5-69 吉凶
「ただいま、カズ。」
「おかえり・・・・・・ノリ、その仔犬。」
「貰った。親犬から躾けられている、賢い仔だ。」
馬守に犬を返しに行き、仔犬を譲り受けるとは。
「名は、決めたのか?」
「・・・・・・ハル。いや、コハル。」
「キャン。」 ハイ。
尾をブンブン振っている。気に入ったらしい。
「シゲ、コハルだ。」
「ん?・・・・・・仔犬か。どっちだい。」
「女だ。ノリコ、妹だぞ。」
「クゥン、ワン。」 ソウカ、ヨロシク。
「キャン。」 ヨロシク。
「わぁぁ、仔犬だぁ。」
「撫でてもいい?」
「コハルちゃん、よろしくね。」
ノリだけではなく、子らも大喜び。
「ただいまぁ・・・・・・えっ。」
「おかえり。どうした、シン。」
「小さいのがいるなぁと。あっ、そうだ。ヌエのヤツ、やらかしやがった。」
「何を。」
「カツを嗾けて、鳥の谷に入った。」
「見たのか?」
「いや、聞いた。川田のゴロと、茅野のヨシから。
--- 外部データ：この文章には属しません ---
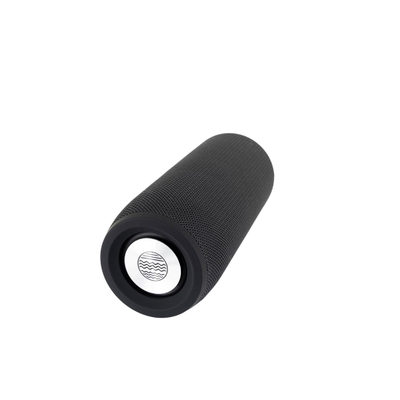 Altoparlant Bluetooth Our Pure Planet Platinum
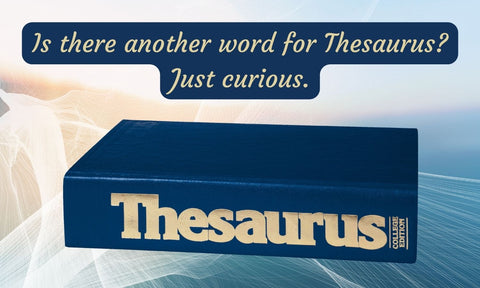 Pomp and Circumstance - The Perfect Gift for the High School, Trade School, or College Graduate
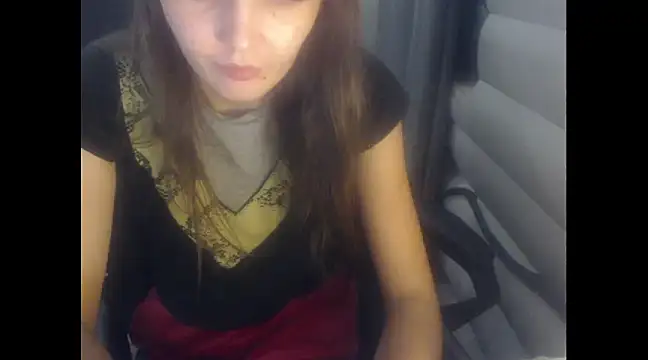 Snapshot of Laco-cO chatting on December 5, 7:06 pm Laco-cO online show from December 5, 7:06 pm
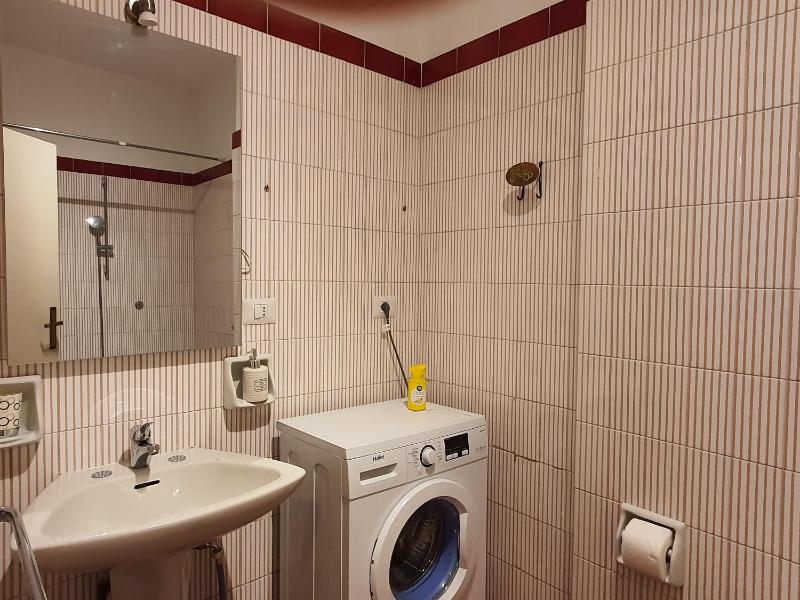 Centre Home - image 18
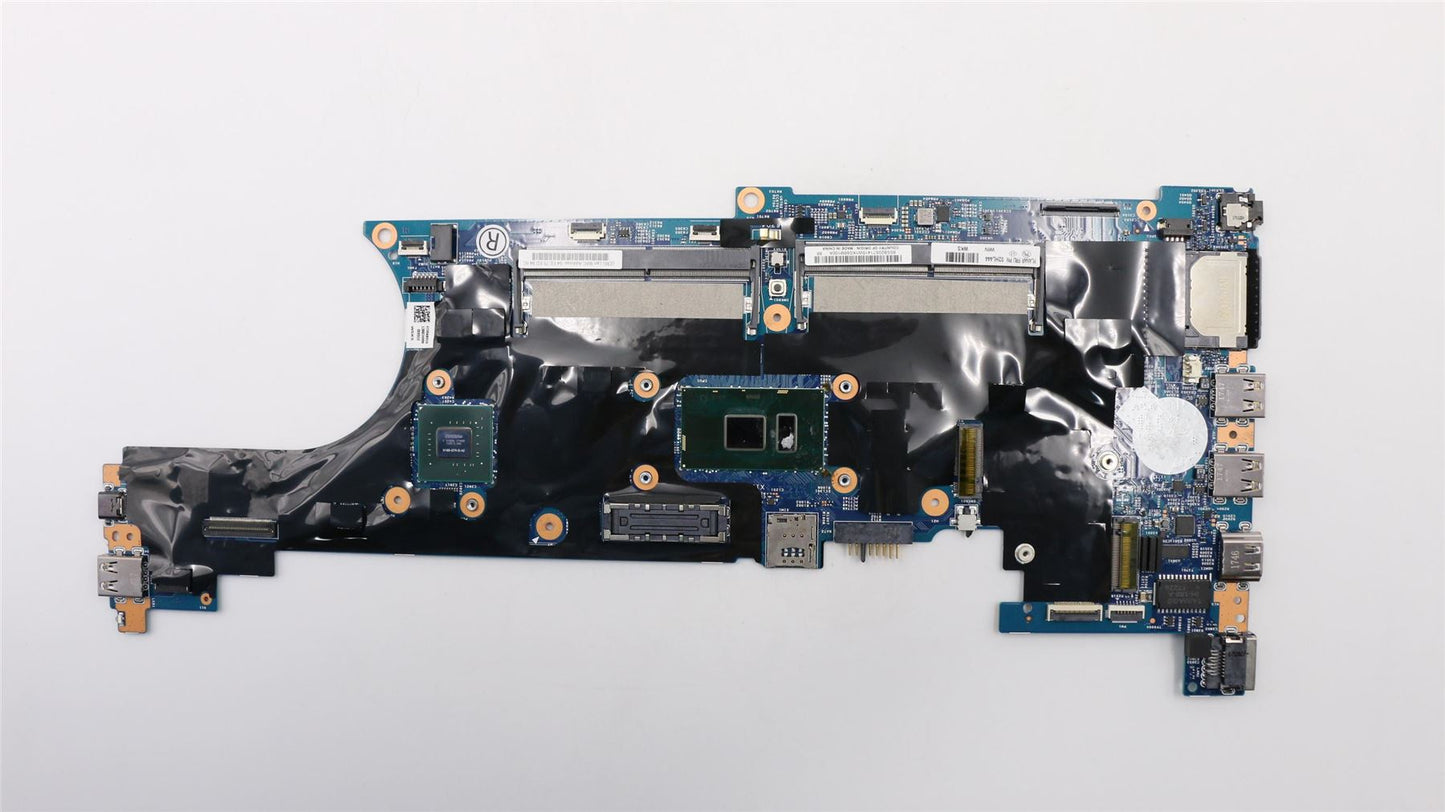 Lenovo i5-7300,N16,WIN,TPM2=Y,AMT=Y 02HL444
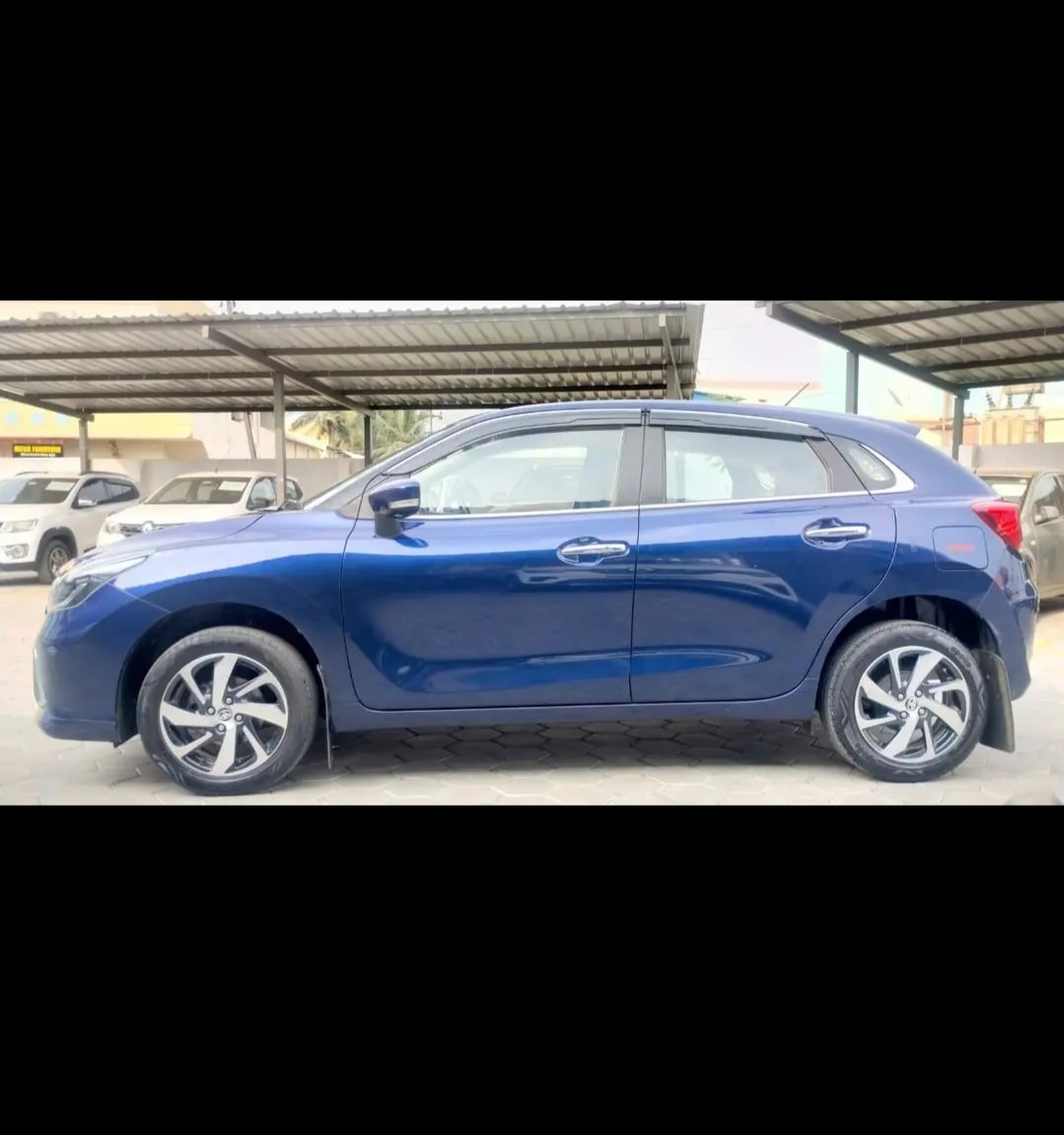 Glanza image 10 Glanza image 10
」
「なら、違いないな。」
「アイツら、まさか。」
「攫う気だろう。」
「祝には、釜戸社の。」
「伝えたって。でな、どうも・・・・・・。」
「探してるのか、この村を。」
「草谷のヒデが、聞かれたって。熊実で。」
「そうか。」
手を借りようとでも? 頼られても困る。関わらないと、はっきり伝えなければ。
「行ってくる。」
「待て、シゲ。オレも行く。」
シゲとシンは、急いで熊実へ向かった。
カツはタツより、質が悪い。狩り人としての腕も、カンも良い。
タツは騙されやすく、向こう見ずで、愚かだった。カツも騙されやすいが、心が捻じ曲がっている。おまけに、物でも命でも、何でも。掠め奪うことを、酷く好む。
「少しでも早く、カツを見つけないと。」
「ワン、ワワン。」 ソウダネ、マカセテ。
シゲコは、タツと同じくらい、カツを嫌っていた。くりかえし虐げられたから。思い出しただけでも、腸が煮えくり返る。
痛みだけじゃない。食べ物の恨みは恐ろしい。人も犬も、同じだ。
大好きな人たちを、困らせるようなヤツ。噛みついてやる。カプッ、じゃないぞ。ガブッとなっ!